Vou colocar o meu jeito de trabalhar, mas o desafio é como eu vou fazer isso. Existe uma diferença na própria cultura do basquete feminino. Qualquer área é assim. Você precisa estar lá para saber como será. Mas estou confiante, até porque estarei cercado de pessoas que vão me ajudar em como fazer. O que temos de fazer nós já sabemos.
Quem são estas pessoas?
A Adriana (Santos) já está trabalhando (como coordenadora). Ela tem uma raiz muito forte no basquete, é vencedora (campeã do mundo e duas vezes medalhista olímpica). É isso é fundamental. Temos de ter esta fome de vitória. Ganhar e perder não é a mesma coisa. Chamei o Cristiano Cedra, que é um técnico que conhece o basquete de base. O Virgil Lopez, que já dirigiu o time sub-16 recentemente (na Copa América) atendendo pedido que fiz. É um treinador que trabalhou em Americana, no Sampaio Corrêa, na França, ou seja, ele tem o conhecimento deste basquete internacional. Temos o João Camargo, que já estava na seleção (como auxiliar) e é um técnico da liga, que pode agregar muito. Também trouxe o Diego Falcão, que será o preparador físico, porque atualmente este aspecto é fundamental.
O que pensa para o Pan de Lima, sua primeira competição?
Se quero colocar uma mentalidade vencedora, que ganhar e perder não é a mesma coisa, não posso responder que vou ao Pan para participar. Tenho de pensar no melhor resultado possível. Se vamos ganhar uma medalha, é uma outra situação. Temos de ver o tempo de treinamento, a adaptação das jogadoras, a minha adaptação. É uma competição de tiro curto. Temos de ir com o pensamento de ganhar uma medalha. Apenas participar não serve mais para a seleção. Não adianta sonhar com uma medalha olímpica em Paris, em 2024, e não fazer nada agora.
Paris? E Tóquio, em 2020?
Falei 2024, mas não sei se vou estar lá. Quero estar, mas o que mais conta é alguém colher no futuro o trabalho que vamos realizar agora. É difícil uma vaga para Tóquio? Muito difícil. Mas não foi por isso que não citei. Só acho que é uma competição injusta porque vamos enfrentar seleções que estão trabalhando há quatro anos e estamos no começo.

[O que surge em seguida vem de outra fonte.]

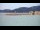 Webcam in Le Lavandou, 0 mi away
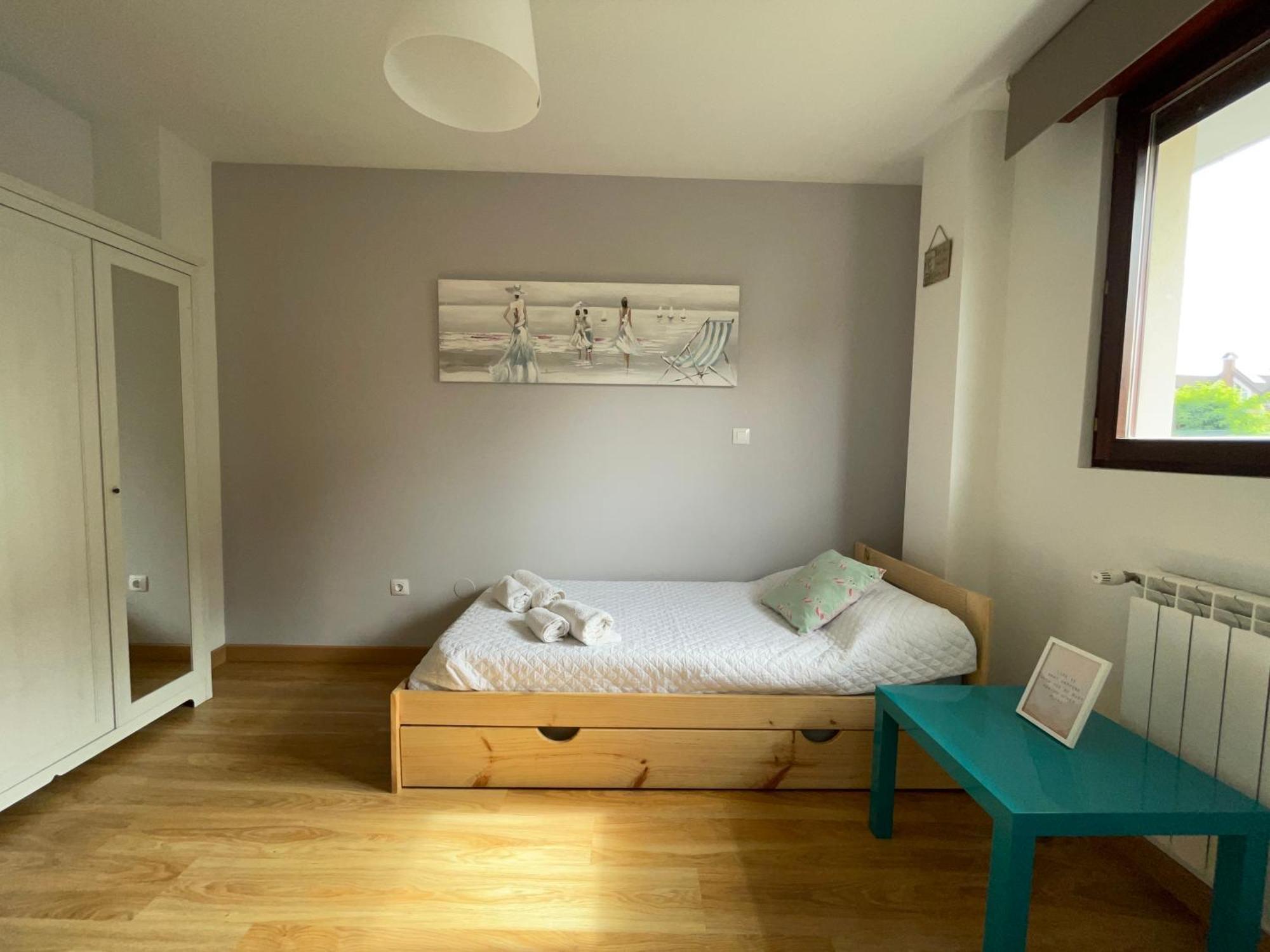 Apartamento Villa De קארטס מראה חיצוני תמונה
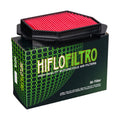 HifloFiltro HFA2926 Luftfilter passend für Kawasaki 1000 Ninja H2 (ZX1000 NFF,NGF)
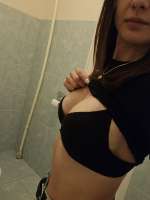 IMG20240809124325044.jpg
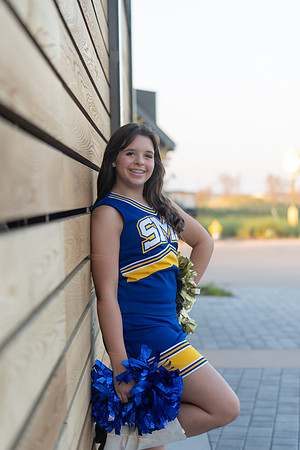 SMS Cheer-5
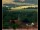 Webcam in Lauenau, 39.8 km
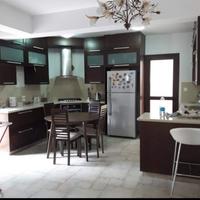 Other in Republic of Cyprus, Lima, 140 sq.m.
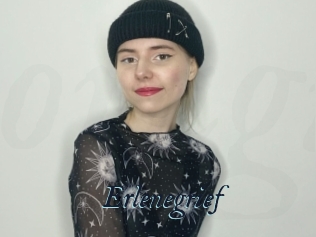 Erlenegrief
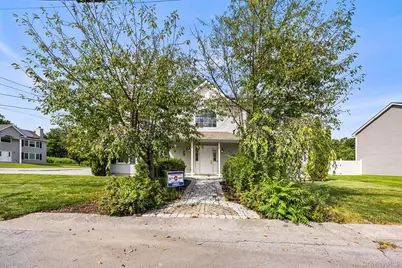 1 Sanford Avenue, Chester, NY 10918 - Photo 2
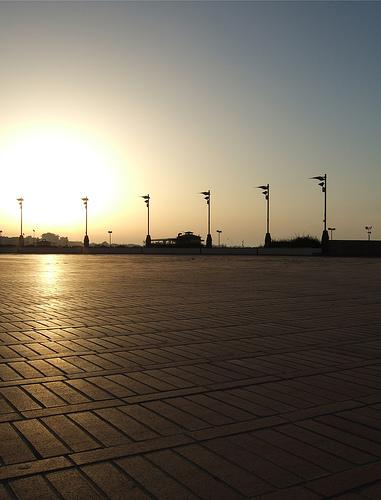 La religione è una turba mentale? La religione è una turba mentale?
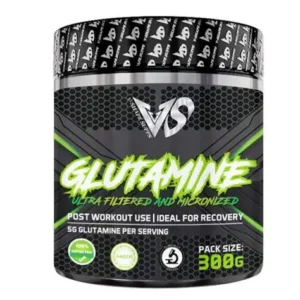V-Shape Glutamine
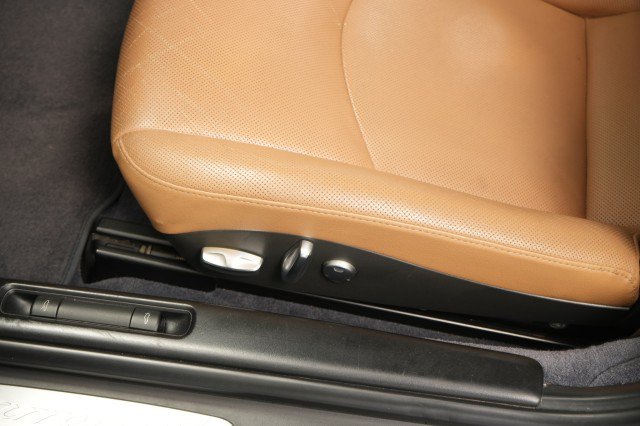 Used 2011 Porsche 911 Carrera S RWD image 24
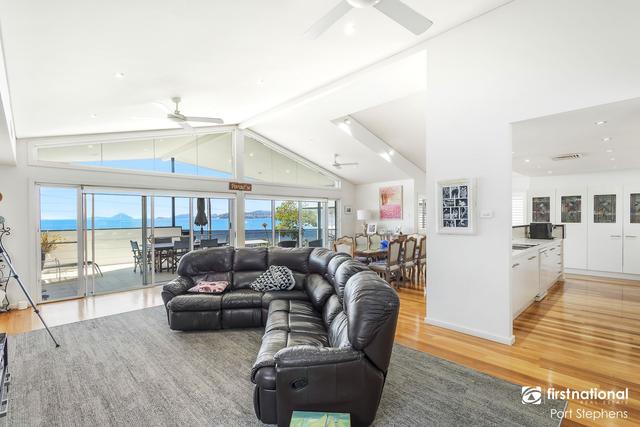 158 Soldiers Point Road, NSW 2317
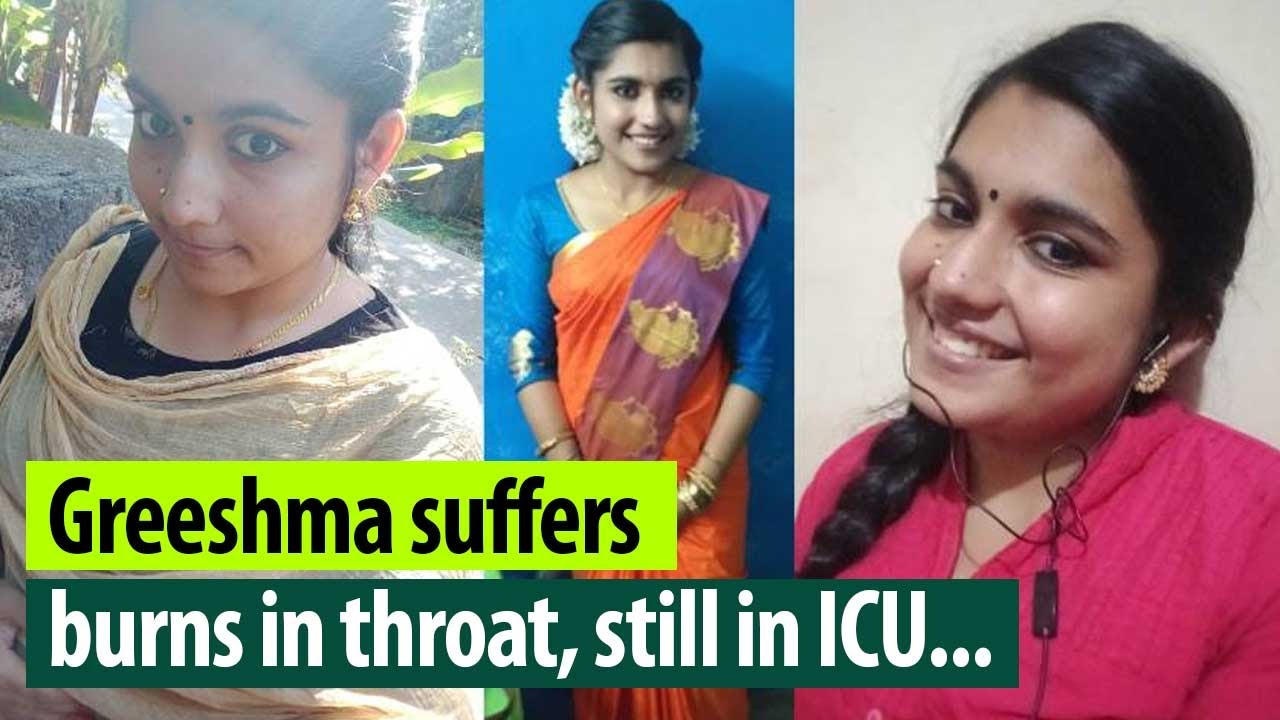 Sharon murder case accused Greeshma&rsquo;s discharge getting delayed; interrupts evidence collection&hellip;.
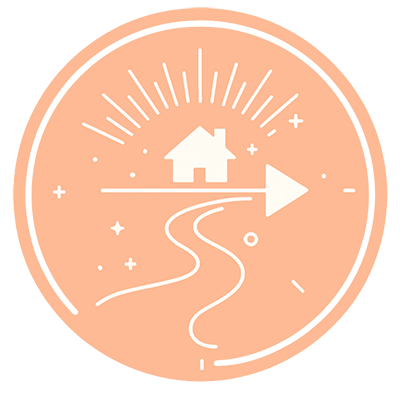 lamaisonpo, pauline leroux, reconnexion, psychogenealogie, album, photo, famille.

Qual análise faz do nível do basquete praticado no Brasil?
Está longe do cenário internacional. Temos de olhar para Espanha, França, WNBA. Temos de buscar se aproximar no aspecto técnico, tático e físico. Todos precisam trabalhar em prol desta mudança, treinadores, clubes, dirigentes, federações… Não podemos depender de um talento que possa surgir. O trabalho te permite ser competitivo, te permite potencializar um talento. Você precisa criar ferramentas, como uma escola de técnicos, massificar o esporte nas escolas, é uma questão ampla. Se eu acredito? Acredito, sou um eterno otimista.
O convite te surpreendeu?
Eles (da CBB) me ligaram e marcaram uma reunião, sem adiantar o assunto. Pensei mil coisas. E eles me falaram a milésima primeira. Nunca imaginei. Pedi até um tempo para pensar. Foi uma decisão difícil. Recebi ofertas do Brasil e do exterior para treinar no masculino, mas por que aceitei? Primeiro porque o desafio me move. Além disso, vi uma possibilidade de fazer uma nova história. O trabalho pode mudar qualquer situação difícil. O impossível significa apenas que tenho de trabalhar mais.